Activity:
This calls for a verbatim copy of all the data, with no images carried over.

The data:
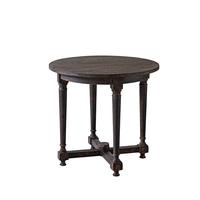 Table ronde Wabi-Sabi en bois massif, table basse à base croisée, table vintage pour café, hôtel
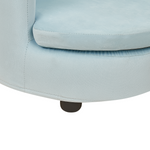 Kindersessel Samtstoff hellblau Kronenform VEGA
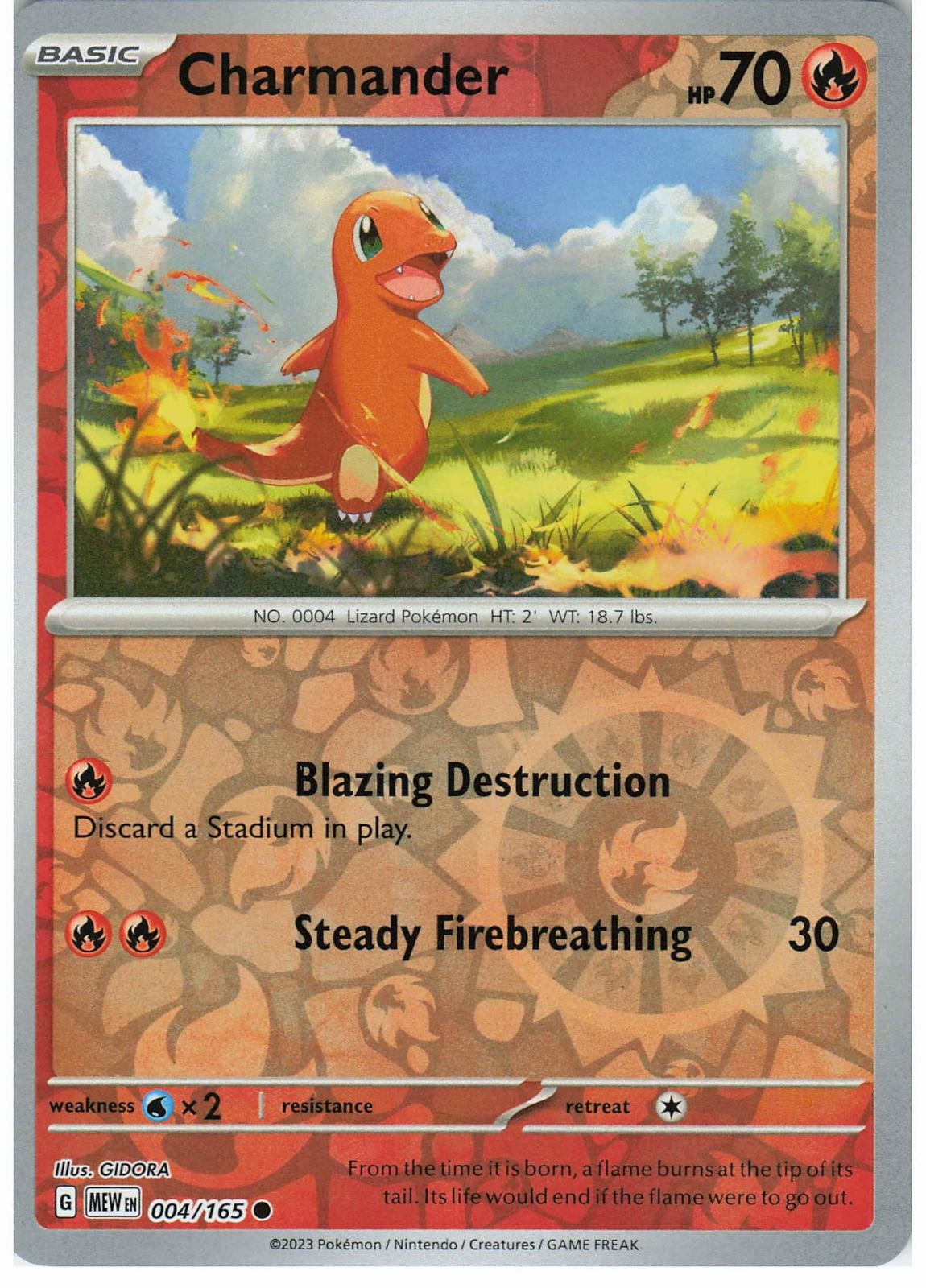 Charmander 004/165 Reverse Holo Common 151 Pokemon NM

Task response:
 Table ronde Wabi-Sabi en bois massif, table basse à base croisée, table vintage pour café, hôtel
 Kindersessel Samtstoff hellblau Kronenform VEGA
 Charmander 004/165 Reverse Holo Common 151 Pokemon NM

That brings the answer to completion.